Но если этнические образования, и саму этническую идентичность творит государство, позволительно ли рассуждать о существовании такой идентичности у славян в ту пору, когда государства ещё не было? Можно, конечно вспомнить о предположительном существовании в IX веке раннегосударственного образования, получившего в исторической литературе условное обозначение «Русский каганат» [86], но и это не решает проблему. Во-первых, это уже достаточно позднее государственное образование; во-вторых, оно a priori не могло быть достаточно развитым для того, чтобы формировать некую определённую этническую идентичность; в-третьих, если оно и существовало, то совсем недолго, уступив место древнерусскому государству. Но даже и Древняя Русь была весьма аморфным (как и все ранние европейские государства) образованием, что было вполне наглядно продемонстрировано её распадом на ряд отдельных княжеств в последовавшую эпоху феодальной раздробленности. Естественно, что о какой-либо единой этнической идентичности для множества различных славянских племён, подпадающих под собирательное понятие «восточные славяне», говорить совершенно не возможно.

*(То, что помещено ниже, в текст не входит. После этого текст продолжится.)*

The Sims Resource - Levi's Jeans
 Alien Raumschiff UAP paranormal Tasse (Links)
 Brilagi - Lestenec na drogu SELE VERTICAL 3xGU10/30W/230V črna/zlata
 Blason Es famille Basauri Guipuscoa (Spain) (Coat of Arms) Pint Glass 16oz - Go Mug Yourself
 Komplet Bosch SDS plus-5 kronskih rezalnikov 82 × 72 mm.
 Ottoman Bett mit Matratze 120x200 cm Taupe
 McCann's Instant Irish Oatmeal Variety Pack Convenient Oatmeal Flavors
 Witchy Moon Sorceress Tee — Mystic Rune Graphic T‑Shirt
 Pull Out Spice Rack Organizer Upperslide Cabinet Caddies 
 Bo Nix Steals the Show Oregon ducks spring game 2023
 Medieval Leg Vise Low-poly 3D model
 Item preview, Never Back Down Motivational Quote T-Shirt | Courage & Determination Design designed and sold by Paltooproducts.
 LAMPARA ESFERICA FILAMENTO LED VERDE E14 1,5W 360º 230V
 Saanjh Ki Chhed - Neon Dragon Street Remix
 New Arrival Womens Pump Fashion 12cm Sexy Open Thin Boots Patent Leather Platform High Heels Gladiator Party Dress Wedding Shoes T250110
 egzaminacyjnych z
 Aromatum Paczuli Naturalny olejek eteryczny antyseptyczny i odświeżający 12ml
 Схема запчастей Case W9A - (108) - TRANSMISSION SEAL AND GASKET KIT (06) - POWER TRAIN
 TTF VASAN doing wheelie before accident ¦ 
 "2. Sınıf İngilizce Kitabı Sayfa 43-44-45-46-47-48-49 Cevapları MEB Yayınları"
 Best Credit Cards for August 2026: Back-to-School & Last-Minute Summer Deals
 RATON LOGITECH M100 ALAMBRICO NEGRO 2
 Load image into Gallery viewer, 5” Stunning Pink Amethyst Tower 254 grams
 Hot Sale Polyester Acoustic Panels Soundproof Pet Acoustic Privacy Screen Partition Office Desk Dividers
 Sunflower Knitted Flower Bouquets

Исследование религиозной идентичности русского общества даже более поздних веков встречается с серьёзными трудностями, возникающими из-за неудовлетворительного состояния источниковой базы. Так, американская исследовательница Ив Левин предприняла попытку изучить религиозную идентичность мирян в средневековом Новгороде на основе изучения берестяных грамот — уникальных исторических источников, которых только в Новгороде и Старой Руссе найдено на сегодняшний день уже более тысячи [87]. Казалось бы, эта попытка должна была дать очень значимые результаты, учитывая объём рассмотренного материала и их аутентичность. Но те немногие выводы, которые были сформулированы автором после проведённой работы, заключаются в том, что средневековые новгородцы к концу XIV века полностью усвоили христианскую идентичность. Лаконизм выводов не случаен — источники, несмотря на своё значительное количество, чересчур фрагментарны, большинство грамот — это лишь несколько чудом сохранившихся слов. Реконструкция идентичности такого уровня — чисто формальная. Констатация того факта, что какое-то общество на протяжении того или иного промежутка времени считало себя «христианами» может удовлетворить нас в историческом плане (да и то лишь отчасти). Но в плане религиоведческом этого слишком мало, ибо остаётся не понятным, что имели в виду те люди, когда называли себя христианами. Сознаёт это и сама Ив Левин, совершенно справедливо отмечая: «Впрочем, в берестяных документах нет данных о том, какие именно характеристики включала в себя христианская идентичность средневековых русских. Ссылки на христианские ценности мало говорят нам о том, что представляла собой духовная жизнь тех людей, которые писали берестяные грамоты; они дают только самый эфемерный намёк на то, как люди понимали веру в бога, насколько они соблюдали церковные ритуалы или моральные нормы. Если простые новгородцы и погружались в богословские размышления, обдумывали этические проблемы или мистически переживали восприятие божества, то они не оставили на это в берестяных грамотах никакого намека» [88].